Fix status patching with an uncached reader inside RetryOnConflict; Kubernetes v1.36 (April 2026) now lets controllers detect and skip behind-cache reconciles.

Even a logging change is a production change: a duplicate log key once dropped every log line from the busiest controller in an environment.

Everything below comes from operating a major European automotive manufacturer’s internal Kubernetes platform, running a fleet of custom controllers on managed GKE. Names and identifiers are generic on purpose. The failure modes are exact.

What is the step-based reconciler pattern?

The step-based reconciler pattern splits a controller’s reconcile loop into an ordered sequence of small, composable steps. Each step reports its own status condition, instead of one monolithic function doing everything. In practice, this keeps provisioning logic table-testable and makes partial progress visible. Across our controller suite, it turned a 400-line reconcile body into a readable chain. It is the same reconciliation discipline behind the Kubernetes as a Service control plane we operate, where dozens of resource types share one contract.

A monolithic Reconcile becomes unreadable fast. Picture one custom resource that has to provision networking, IAM, namespaces, quotas, and DNS. Have you ever tried to unit-test a function like that? So we organize each controller as controller.go plus steps/creation/ and steps/deletion/ packages. Every step embeds a shared BaseStep. It holds the controller-runtime client, an uncached reader, the scheme, a logger, and an event recorder. Each step also exposes explicit Ready and Reconciling conditions.
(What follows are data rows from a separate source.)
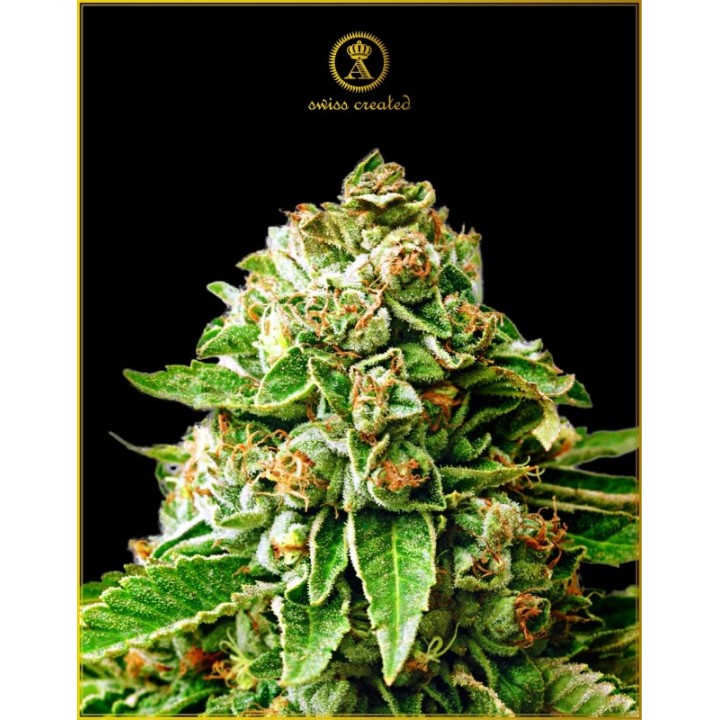 Og Kush Feminizada de Anaconda Seeds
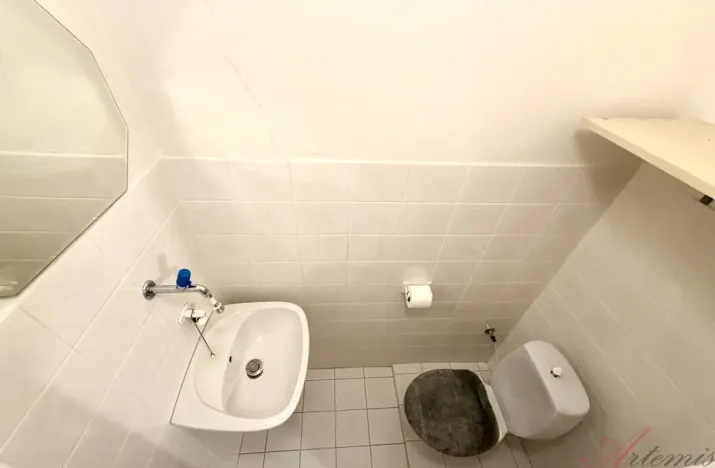 Prodej rodinného domu, Ostrava - Hrabůvka, Edisonova, 248 m2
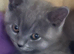 1 blue boy ready now
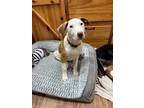 Adopt Toast a White - with Tan, Yellow or Fawn Catahoula Leopard Dog / Mixed dog
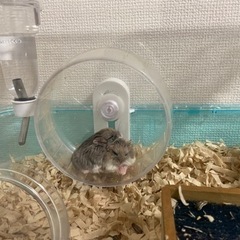 ロボロフスキー里親募集
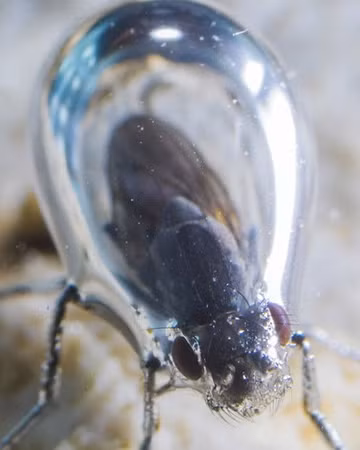 Những loài côn trùng kỳ lạ có thể sống trong môi trường khắc nghiệt nhất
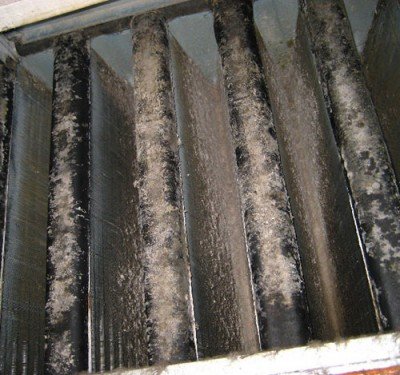 Filthy Evaporator Coils SpeedClean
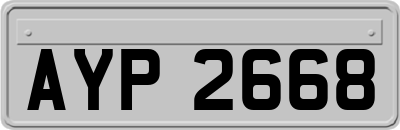 AYP2668
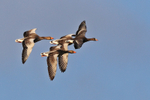 White-fronted Goose portfolio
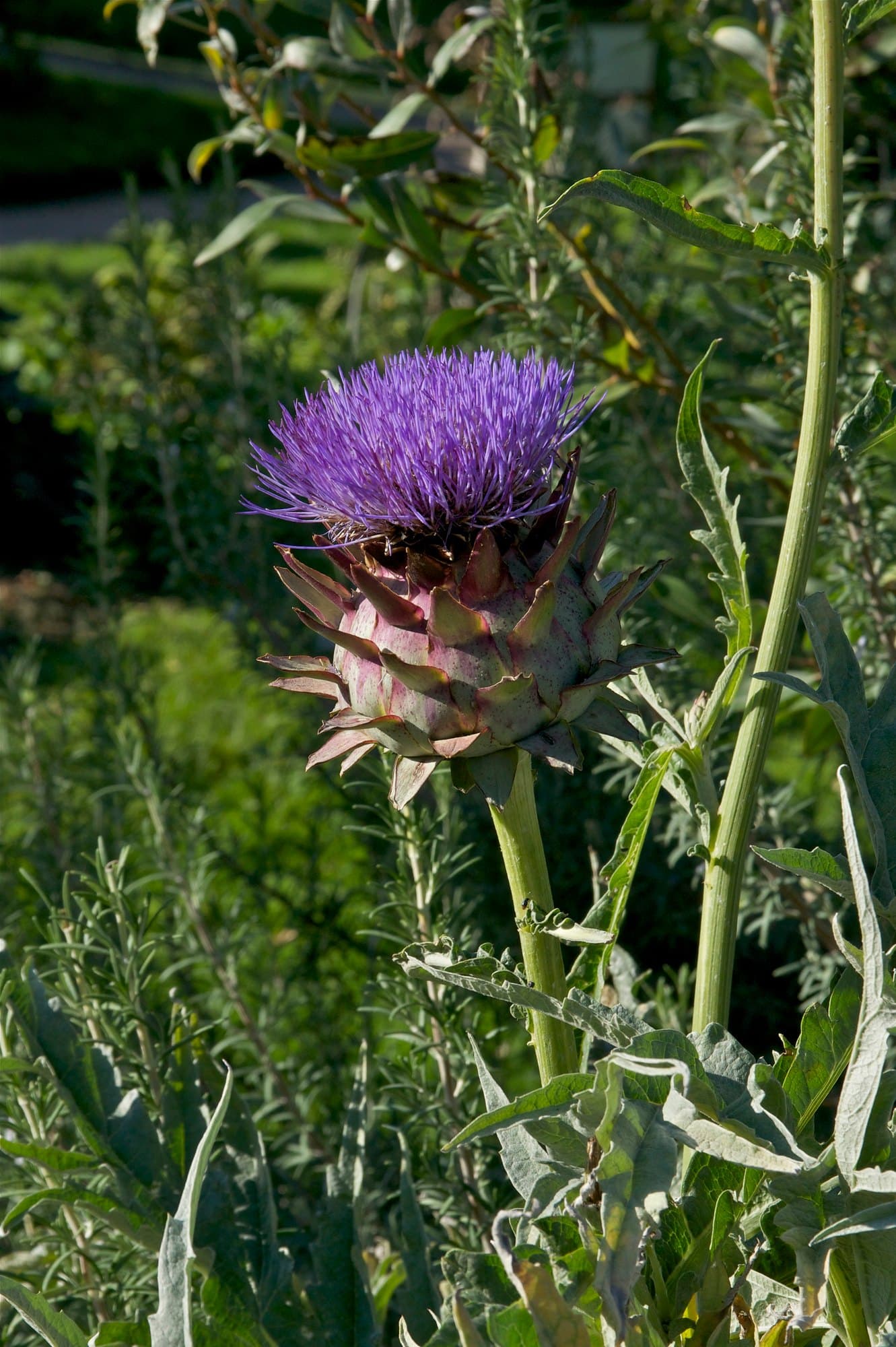 An artichoke bud that has opened into a large violet-purple thistle flower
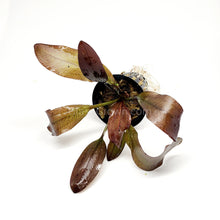 Load image into Gallery viewer, Potted Red Melon Sword-Aquatic Plants-Glass Grown-Glass Grown Aquatics-Aquarium live fish plants, decor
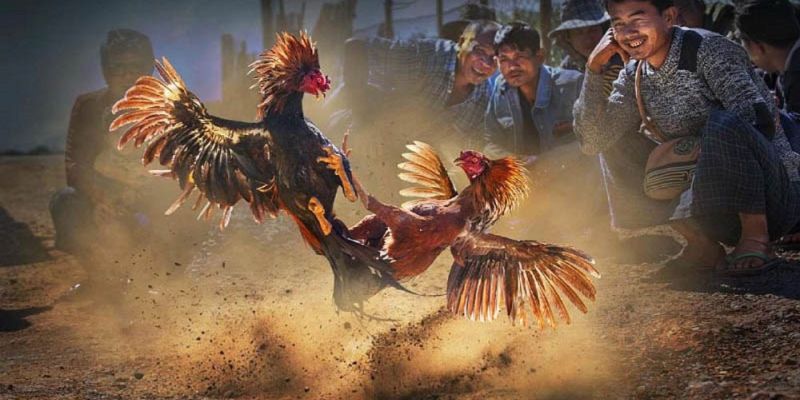 Kỹ thuật huấn luyện gà đá cựa sắt để giành chiến thắng
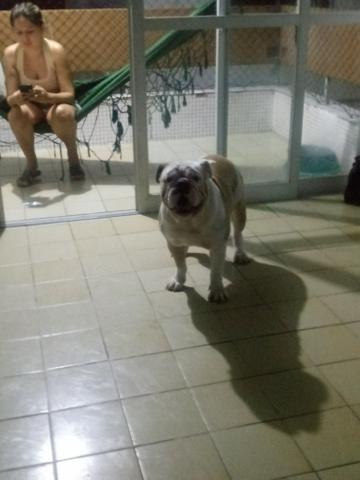 Procura-se namorada para bulldog inglês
An Environment resource, for example, runs a chain like this: EnsureFinalizer, ResolveClusterConfigRef, ComputeTargetNamespaceName, EnsureNamespace, ApplyResourceQuotas, ApplyLimitRanges, ApplyServiceAccounts, ApplyRoleBindings, ApplyNetworkPolicies, DeleteFinalizer. Each step is small, ordered, and independently testable. As a result, partial-failure states show up as per-step conditions. You can read them straight from kubectl get print columns.

The single most valuable primitive we built was not the step interface itself. It was the shared status-patching helper underneath it. Every step calls one function to update conditions. So that function centralizes the conflict-safe read-then-patch dance in exactly one place. When we later found a cache bug, we fixed it once, not in fifteen call sites.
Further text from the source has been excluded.